|May 25, 2012|
Previously published by www.njdivorceattorney.net
A client asked me to blog about serving divorce papers internationally for a divorce in the U.S.
The issue, in New Jersey, begins with Court Rule 4:4-4, which states that the primary method of obtaining jurisdiction (power to act) over person is to personally serve that person within the state. That means having the papers physically handed to the spouse by someone who is not connected to the litigation in any way.
This means it cannot be the spouse seeking divorce, that person's attorney or anybody who could be connected to the litigation such as children of the relationship or potential witnesses in a divorce action.
The court rule goes further to specify specific individuals who can accept service of divorce papers for the other spouse. This list is far too lengthy to set forth at length here.
The court rule further provides in subsection C that service may be made by registered, certified or ordinary mail. However, serving papers this way is only effective if the other person files papers in response. But I would not rely upon this section especially in an international divorce issue. However, you must remember that the rule against mail service is only effective if that person files a response.
Normally, papers are served inside and outside of the state by a process server. This is an individual or company that specializes in serving legal papers. There are many companies who serve process both nationally and internationally.
It is important to choose a company with experience in serving papers because the person who serves the papers on the other spouse must provide you with a certification indicating that he/she served the other spouse and a description of the person he/she served. If the person you hire serves the wrong person, serves a person not authorized by the Rules of Court and/or fails to file the appropriate certification of service, the court may not allow you to proceed on your divorce.
However, hiring a company to serve internationally can be very expensive. A less expensive option, if you know someone in the country where the spouse is, is to have the person you know go and serve the other spouse with the papers. You must be careful, however, that the person you choose is familiar with who can be served as well as the certification that he/she needs to complete.
Remember, without personal jurisdiction, courts are usually unable to act in any case, whether a divorce or any other matter.
Issue becomes more complicated depending on whether or not you know where the spouse is located. It is actually, probably, better if you do not know the specific location. Presumably, the other spouse would have been a resident of the United States at some time prior to the relocation internationally. For cases like this a person can obtain jurisdiction over person by what is called “substituted” or “constructive service.” There are several ways to obtain jurisdiction by substitute or constructive servers. First, you can obtain it by mail or personal service outside the state just as you would in New Jersey. For this method, as well as all others, always remember that personal service is always the best option.
To obtain permission to serve by substituted service, you need to show the court that you attempted what is called “diligent effort and inquiry.” This means you must have searched to see whether or not the individual can be located in New Jersey. The most common ways to show the court you made a diligent inquiry is to send letters requesting updated or current address of the individual spouse with the post office, Department of Motor Vehicles, Bureau of vital statistics and Board of Elections.

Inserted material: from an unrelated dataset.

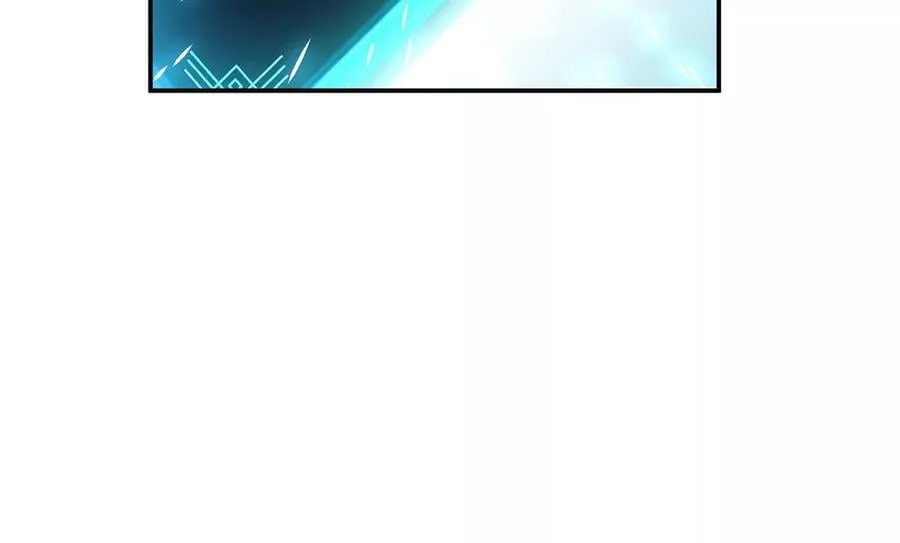 第4话 成为主角？ 第50页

You start by sending letters to these individuals indicating you are seeking information concerning the address of the individual for service of process in a divorce. You should also indicate inside that letter the nature and type of litigation because you may not be otherwise able to obtain responses to these requests.
Once you receive the responses and the address is either unknown or outdated, you then file a motion asking for the court to approve service of process by an alternate method such as constructive or substitute service outside of the state. You would attach the requests you made for information and the responses, presuming they do not offer anything more than the last known address in the US.
The motion would request permission to post notice of the divorce complaint in a local newspaper closest to the last known address of the missing spouse.
Once that is completed, you will receive a notice from the newspaper indicating that the notice was published. You will have “constructively served” notice of the divorce complaint. You should send a copy of the newspaper confirmation to the family court. After 35 days pass, you can move forward if no answer is filed and request a default be entered against the other spouse.